Ambarabà

Anch'io ero torinese, una volta.


Torino è una città bellissima nella quale a 16 anni ho preso il tram numero dieci cha da Barriera di Milano andava a Mirafiori. Alla Fabbrica. I binari del tram in Corso Vercelli erano due rette che sembravano toccarsi, all'orizzonte di Porta palazzo e del Balun. Alle sei di mattina di una mattina d'inverno e le luci erano rossastre in mezzo alla nebbia. Era il tempo in cui c'erano ancora le latterie e ci potevi entrare dentro a prendere un caffelatte col croissant (grasie, neh, madamin!) Torino è la città violenta che ha mandato i suoi cellerini a malmenarmi quando in piazza facevo le manifestazioni. A vederlo in televisione sembra un film ma i manganelli erano duri. Torino è la città pacata e colta, che mi ha annichilito con Pavese e aperto la mente con Calvino. E mia madre leggeva dietro di me, per capire i miei sproloqui di diciottenne inquieto.
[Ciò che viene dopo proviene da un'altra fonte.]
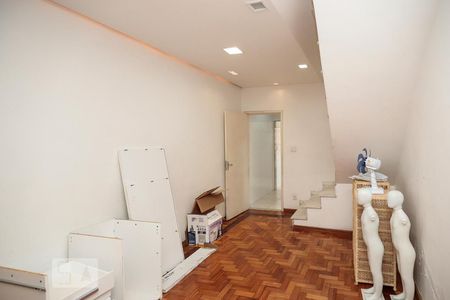 Sala de casa à venda com 4 quartos, 501m² em Cachambi, Rio de Janeiro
Torino è la città severa che mi ha accolto, me, ferrarese della padania più piatta e mi ha fatto passare dalla fabbrica dai rimbombi ferrosi (ho ancora nel naso l'odore del ferro), alla scrivania di metri quadrati e biglietti in business class. Torino è la città gentile che mi ha guardato stupita e ammirata quando da giovane padre sono andato a star da solo con un figlio piccino (era il mio tempo da eroe ma io non lo sapevo). E quando ha potuto mi ha dato una mano. Torino è la città ingrata che mi ha scaricato, nel mezzo dei miei possenti quarant'anni. E le mie basette avevano i primi fili grigi. Torino è la città rimbellita da lifting costosi nella quale faccio il turista, di tanto in tanto, nei caffè storici sulle cui poltrone ancora si vede il segno delle chiappe di Cavour. E anche se mi apre i suoi ristoranti odorosi il sabato e mi offre i cioccolatini del caffè Torino, la domenica mattina, ormai vive la sua vita senza di me. Ma ero anch'io torinese, una volta. Torinese Olivetti, della sinistra sognante. Non Fiat.